# Is it possible to radio trigger 580EXII with ST-E3?



## wopbv4 (Jun 11, 2012)

Hi,

is it possible to add a device to 580EXII, so it can be RADIO triggered with an ST-E3 or an 600EX?

Thanks,

Ben


----------



## wickidwombat (Jun 11, 2012)

no the 580s can only be optically triggered

you can radio trigger them but you need 3rd party triggers such as pocket wizards etc


----------



## Mt Spokane Photography (Jun 11, 2012)

wopbv4 said:


> Hi,
> 
> is it possible to add a device to 580EXII, so it can be RADIO triggered with an ST-E3 or an 600EX?
> 
> ...


 
No, so far, there are no devices to make a 580 EX II compatible with the radio in the ST-E3 or 600EX. Some third party might do it, but for a business to develop and manufacture a accessory for a out of production item is a invitation to bankrupcy.


----------



## Daniel Flather (Jun 16, 2012)

Mt Spokane Photography said:


> ...but for a business to develop and manufacture a accessory for a out of production item is a invitation to bankrupcy.



So basically it's the Windows of flashes?


----------



## briansquibb (Jun 16, 2012)

wopbv4 said:


> Hi,
> 
> is it possible to add a device to 580EXII, so it can be RADIO triggered with an ST-E3 or an 600EX?
> 
> ...



Have you got 600's then?

The 580's may be out of manufacturing but they are sill available used.

I am getting a 580EX + flex for about the same cost as a new 430EXII - so there is no incentive for me to migrate to the 600's. Apart from which to replace 8 working 580EX/EXII's doesn't make sense.


----------



## Chris Burch (Jun 18, 2012)

I just picked up a set of Phottix Stratos II flash triggers. They have "pass-through" eTTL, so you could put the transmitter on you camera and attach the ST-E3 to the top of it. Your ST-E3 should work exactly the same, but the Stratos will wirelessly trigger your remote flashes (you'll have to have the remotes on the Stratos receivers). 

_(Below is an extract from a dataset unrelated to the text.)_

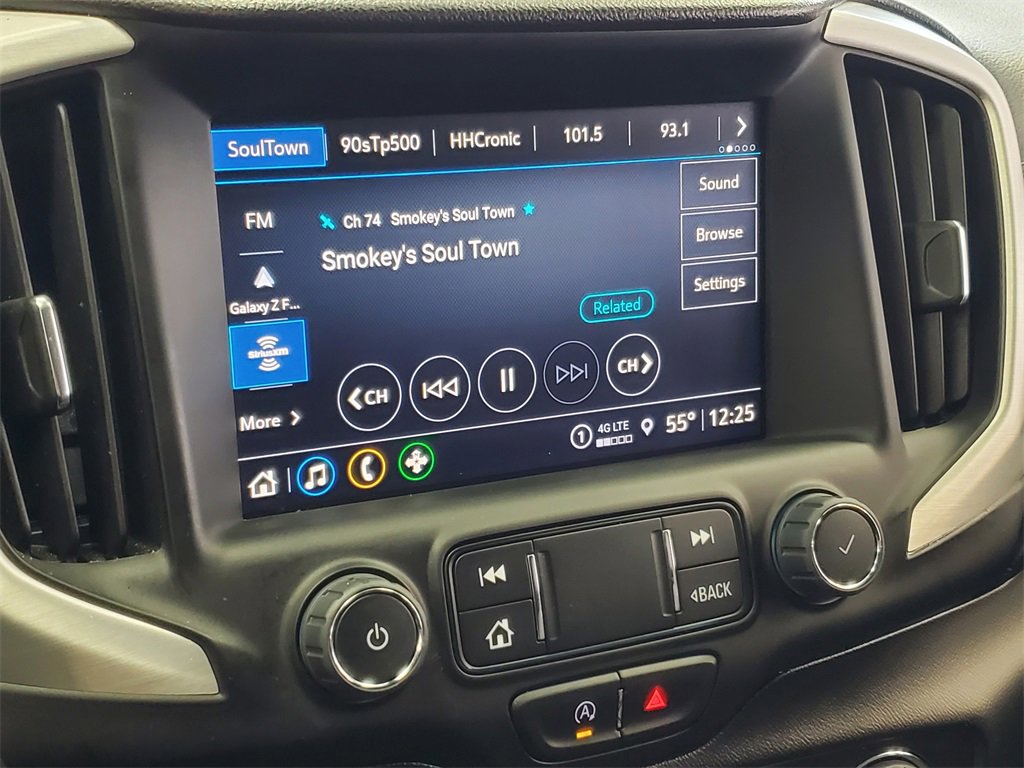 Used 2024 GMC Terrain SLT image 19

I just bought my first 600ex and already have 3 580s, so I wanted to see if I could find a cheaper solution than upgrading to a few more 600s. I used a set of Stratos triggers (1 transmitter and 2 receivers) this weekend and couldn't be happier. They are very compact and worked flawlessly. After suffering through a few years of abysmal performance with 4 PocketWizard Flex5's, the Stratos are damn near a godsend. I can now replace a $1,000 useless investment in PWs (not to mention $75/ea to get my 580s modified for RF signal noise) with about $200 in Stratos and I actually have more capability with these. The only loss is not being able to have the remotes use eTTL, which I never did anyway.


----------



## GaryFong (Jun 24, 2012)

Hi all

I spent quite a bit of time with the 600ex/rt as a master and slave. Here's what I learned:

With the STE-3 and 600's, the system is flawless

With the 600 as master and the 580/430exII - the master (as well as STE3 transmitter - or the built in transmitter in the MarkIII etc) must be set on the "optical" setting. It looks like a lightning bolt rather than a "wifi" symbol.

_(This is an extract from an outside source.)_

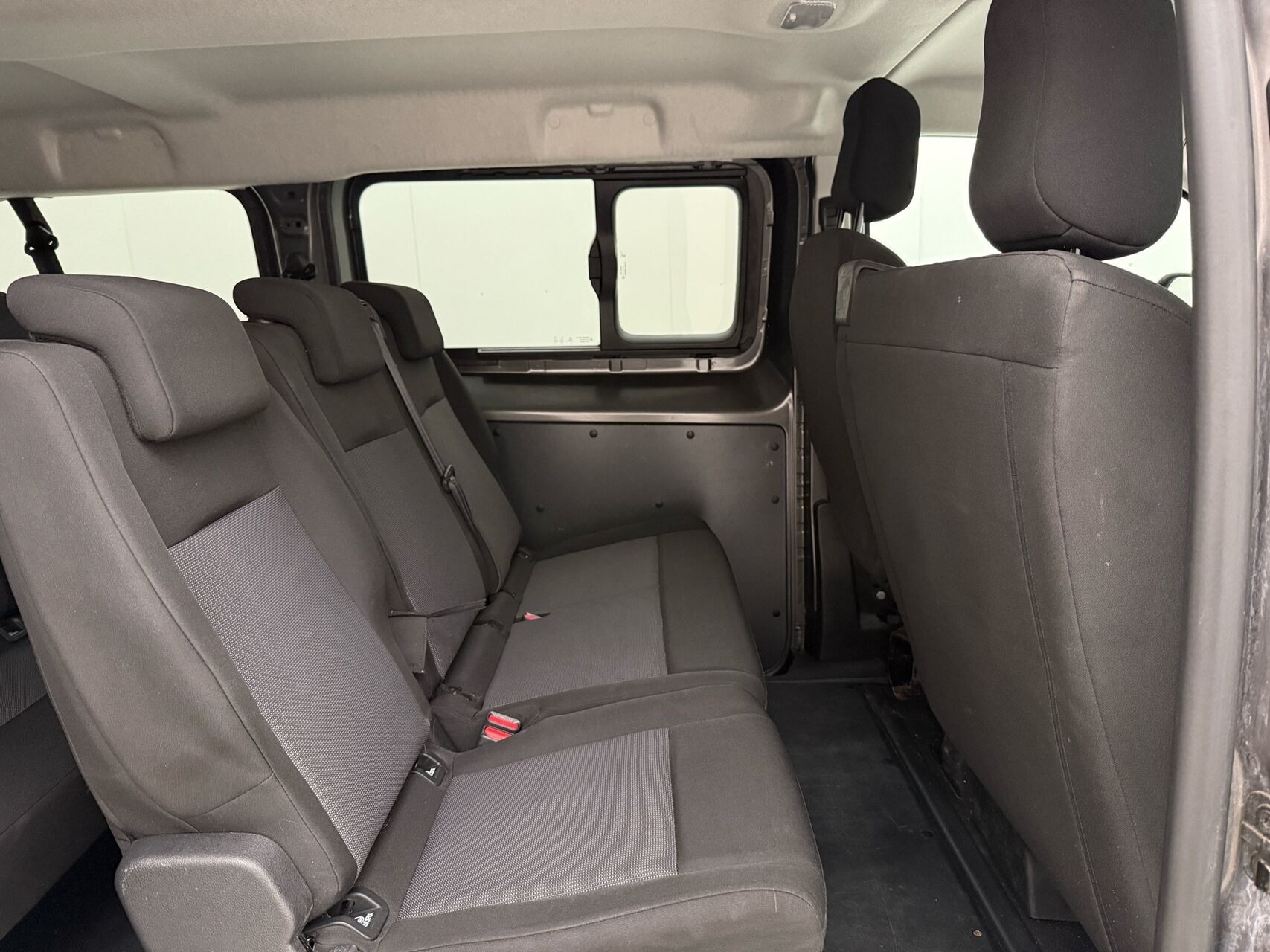 Grå Toyota Proace Verso fra 2020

If you already have 580/430exII's, I don't see a need to get the 600 unless you have MarkIII, etc. You can get the same performance with RadioPopper or Phottix Odin (I have had not much luck with Pocket Wizards). The only issue with RadioPopper is that you have to navigate through the same Canon user interface (i.e. holding the "zoom" button for 3 seconds before you can play with the master/slave settings - odd) and on the RadioPopper you have to have the eyeball lined up exactly.

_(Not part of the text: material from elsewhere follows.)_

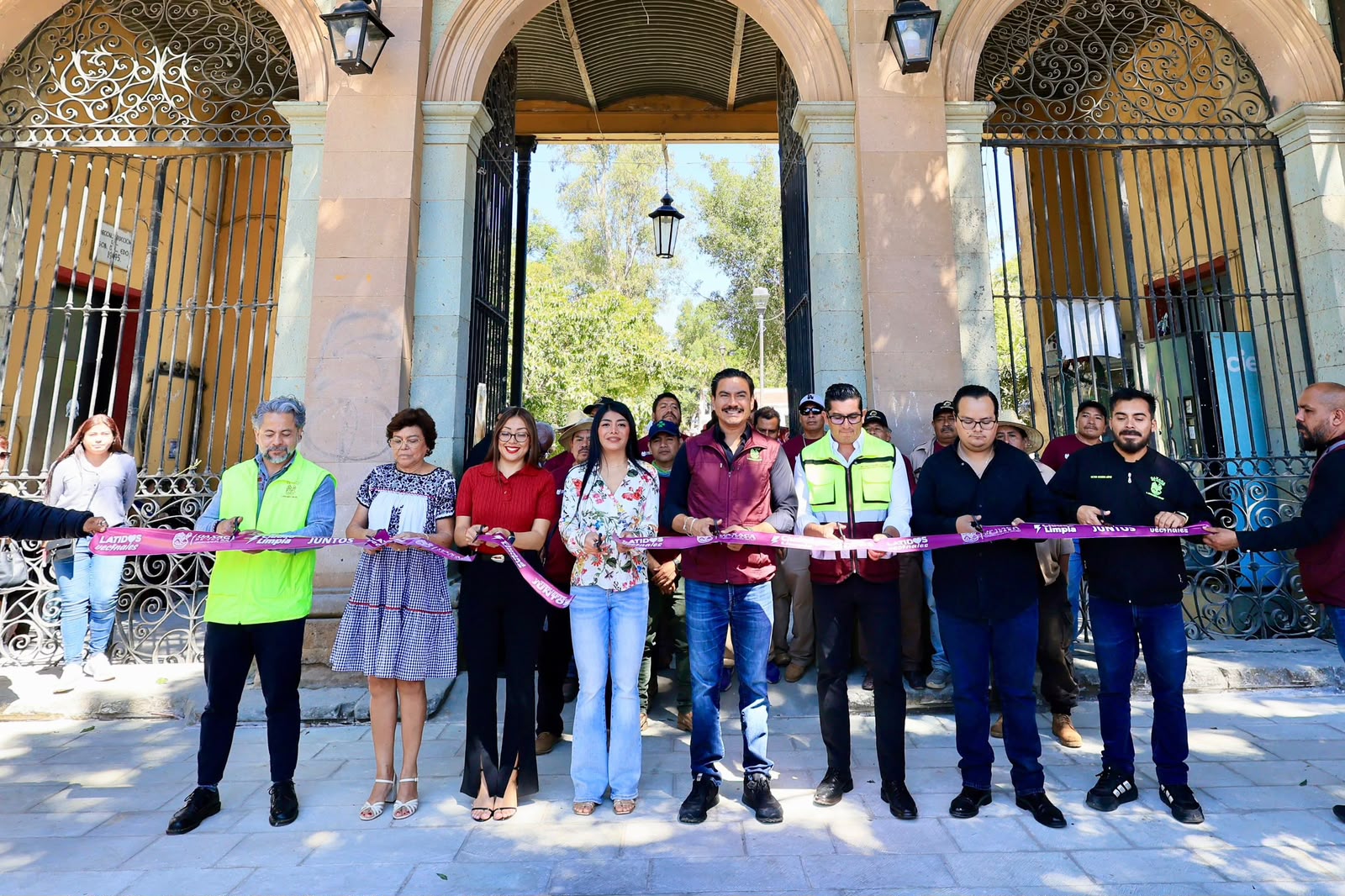 Ray Chagoya entrega primera etapa de rehabilitación de banquetas del Panteón General y San Miguel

Here's a really helpful video that I tried really hard to cover all of the bases. Your feedback is always appreciated!

Gary Fong
CEO Gary Fong Inc.


----------



## Jakontil (Oct 17, 2012)

can i actually use the STE3-RT to tigger a FlexTT5 on 580EXII?


----------



## neuroanatomist (Oct 17, 2012)

Jakontil said:


> can i actually use the STE3-RT to tigger a FlexTT5 on 580EXII?



No, you'd need a MiniTT1 or FlexTT5 on the camera.


----------



## Jakontil (Oct 17, 2012)

neuroanatomist said:


> Jakontil said:
> 
> 
> > can i actually use the STE3-RT to tigger a FlexTT5 on 580EXII?
> ...



thanks that means no choice but to move to canon's system right now... dang!


----------



## neuroanatomist (Oct 17, 2012)

Jakontil said:


> thanks that means no choice but to move to canon's system right now... dang!



I wish I could, well...I might for outdoor use, I've already got one 600EX-RT. But indoors I also need to trigger a monolight, and the Canon system doesn't help there.  I'm still hoping for a Canon -RT receiver that can trigger an older Canon flash or a monolight. I do expect we'll see one...but not until after a 430EX II replacement with radio slave capability is released, and sales of that slow down.


----------